IL Graal Si trova nel Castello Di MontSegur. Dopo che il culto di Zoroastro venne disperso, alcune delle sue dottrine furono ereditate dai Manichei, e, di seguito, dai Catari o Albigesi; questi ultimi erano giunti in Europa dal Medio Oriente, passando per la Turchia e i Balcani, e si erano stabiliti in Francia nel XII secolo. Nel 1244, dopo una lunga persecuzione da parte del Papato e dei francesi, furono sterminati nella loro fortezza di Montsegur; se avessero portato con sé il Graal durante le loro peregrinazioni, ora esso potrebbe trovarsi insieme al resto del loro tesoro in qualche impenetrabile nascondiglio del castello. Negli anni ’30 il tedesco Otto Rahn, colonnello delle SS intraprese alcuni scavi a Montsègur e in altre fortezze catare con l’appoggio del filosofo nazista Alfred Rosenberg, portavoce del Partito e amico personale di Hitler: l’episodio fornì al romanziere Pierre Benoit, già autore del celebre L’Atlantide, lo spunto per il romanzo Monsalvat.

Il Graal si trova a Torino. Importato forse dai pellegrini che si spostavano per l’Europa durante il medioevo o forse dai Savoia insieme alla Sacra Sindone, il Graal sarebbe giunto nel capoluogo piemontese; le statue del sagrato del tempio della Gran Madre di Dio, sulle rive del Po, indicano, a chi è in grado di comprenderne la complessa simbologia, il nascondiglio della Coppa.

Il Graal si trova a Bari. Nel 1087, un gruppo di mercanti portò a Bari dalla Turchia le spoglie di San Nicola, e in loro onore venne edificata una basilica. In realtà la translazione del Santo era solo la copertura di un ritrovamento ben più importante, quello del Graal. I mercanti erano in realtà cavalieri in missione segreta per conto di Papa Gregorio VII. Il Pontefice era al corrente del potere del Calice, ma non intendeva pubblicizzare la sua ricerca, né l’eventuale ritrovamento, in quanto esso era un oggetto pagano, o comunque il simbolo di una religione ancor più universale di quella cattolica. Gli premeva di recuperarlo da Sarraz in quanto temeva che la sua presenza sul suolo turco avrebbe aiutato i Saraceni (in questo caso i Turchi Selgiuchidi) nella loro espansione ai danni dell’Impero Bizantino, e avrebbe nociuto al programmato intervento di forze cristiane in Terra Santa a difesa dei pellegrini.

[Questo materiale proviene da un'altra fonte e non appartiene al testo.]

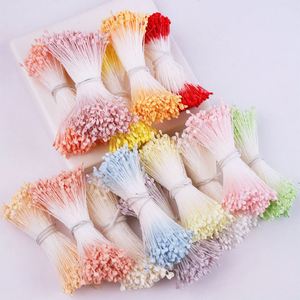 Cuentas de estambre de colores mixtos, centro de flor seca para ramo de novia, tocado, disfraz, manualidades DIY, suministros al por mayor - Product Image 5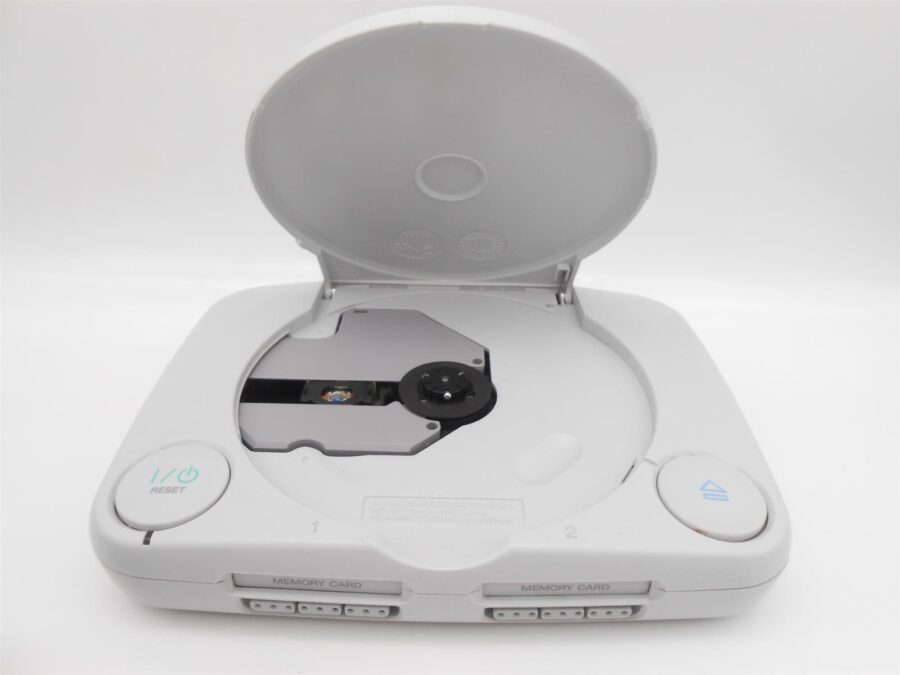 PlayStation 1 PS1 One SLIM Konsole mit Anschlusskabeln Sony getestet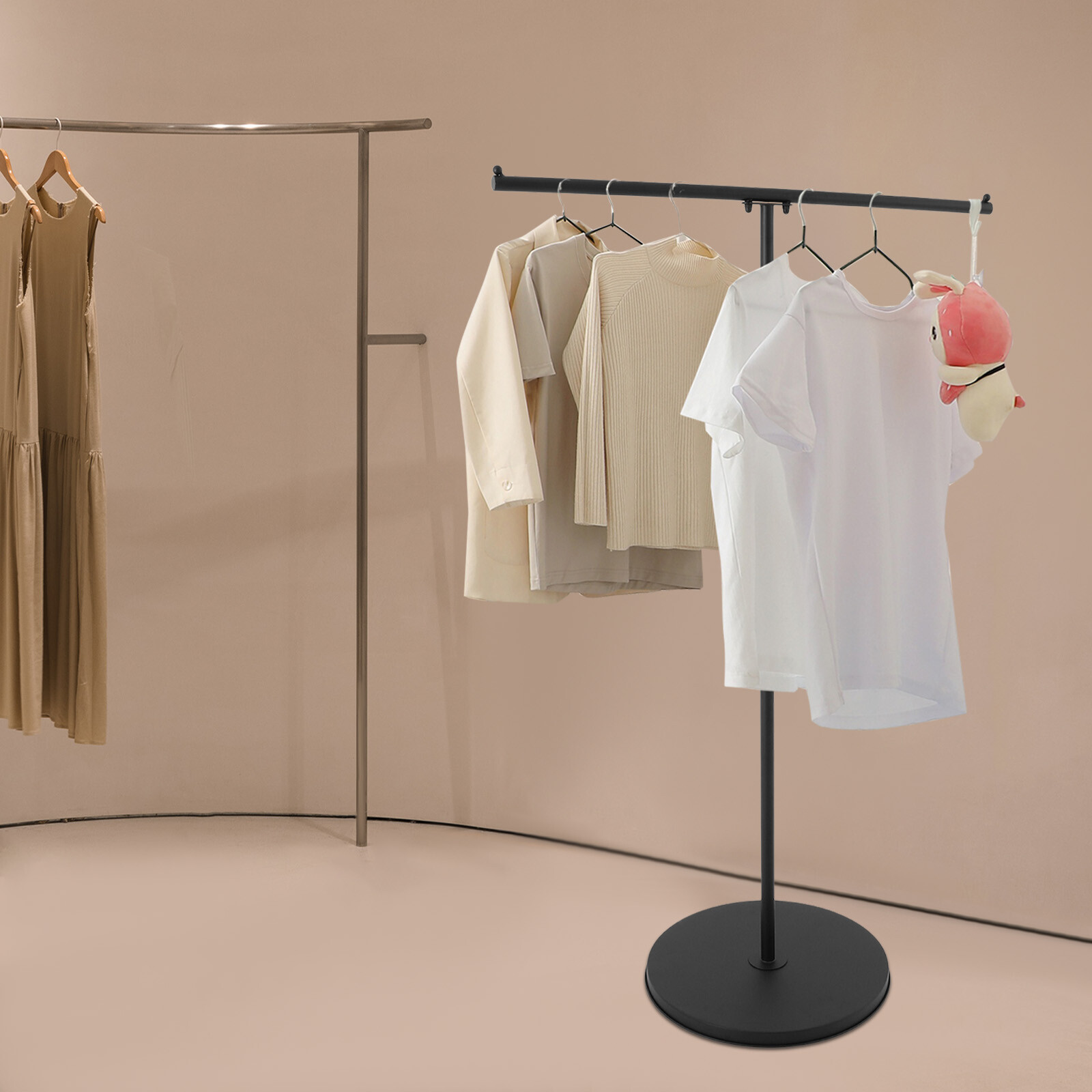 Clothes Rack, Clothing Display Rack, Floor-standing Garment Display Rack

Non è dato di sapere dove si trovava la coppa (che, forse, era passata per le mani di San Nicola nel VI secolo, e che gli avrebbe conferito la fama di dispensatore d’abbondanza ) e chi comandò la spedizione; sta di fatto che, in una chiesa sconsacrata di Myra, i cavalieri prelevarono anche alcune ossa, poi ufficialmente identificate come quelle del Santo. Il recupero delle spoglie giustificò la spedizione in Turchia e l’edificazione di una basilica a Bari; la scelta di custodire il Graal in quella città anzichè a Roma fu determinata da due motivi: da lì si sarebbero imbarcati i cavalieri per la Terra Santa (la prima crociata fu bandita sei anni dopo il ritrovamento) e il Graal avrebbe riversato su di loro i suoi benefici effetti; in più la sua presenza avrebbe protetto Roberto il Guiscardo, Re normanno di Puglie, principale alleato del Papa nella lotta contro Enrico IV.

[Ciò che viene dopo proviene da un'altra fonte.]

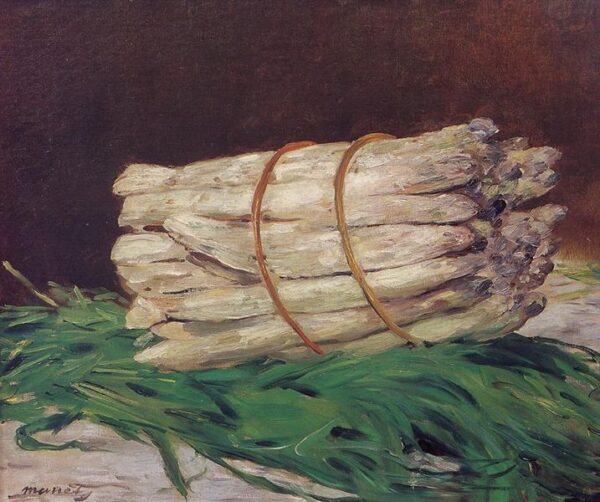 Una bottiglia di asparagi – Edouard Manet Édouard Manet 85x75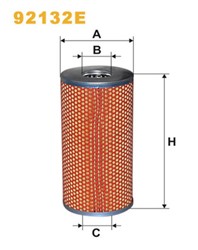 Sportinis alyvos filtras - filtro įdėklas (aukštis: 201 mm, išorinis skersmuo: 100 mm)_0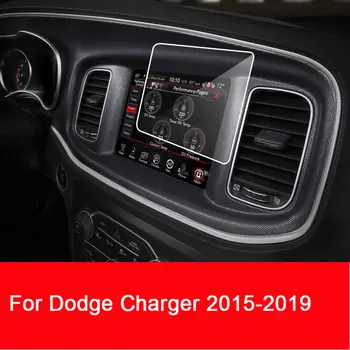 Bil Screen Protector til Dodge Charger-2019 Bil GPS Navigation Hærdet Glas Beskyttende Film Auto Interiør Tilbehør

Il Graal si trova in Molise. Alcuni studiosi dell’associazione culturale Acors “Sigillum Comite di Molise” sostengono che il Sacro Graal si troverebbe in Molise e che Dan Brown, nel suo Codice abbia copiato vicende avvenute in realtà nelle terre molisane. Gli studiosi sostengono che la probabilità che il Graal si trovi proprio in Molise è molto alta, poiché da qui è passato il Viaggio partito dalla Terra Santa. Testimonianza autentica si incarnerebbe in Ruggero de Moulins, che come tutti i cavalieri, potrebbe aver portato con sé, nella sua cripta una antica reliquia, per non lasciarla in balia dei musulmani. Si dice che questo personaggio sia frutto di fantasia, che gli scienziati avrebbero barato, inventando fatti che in realtà così storici non sono.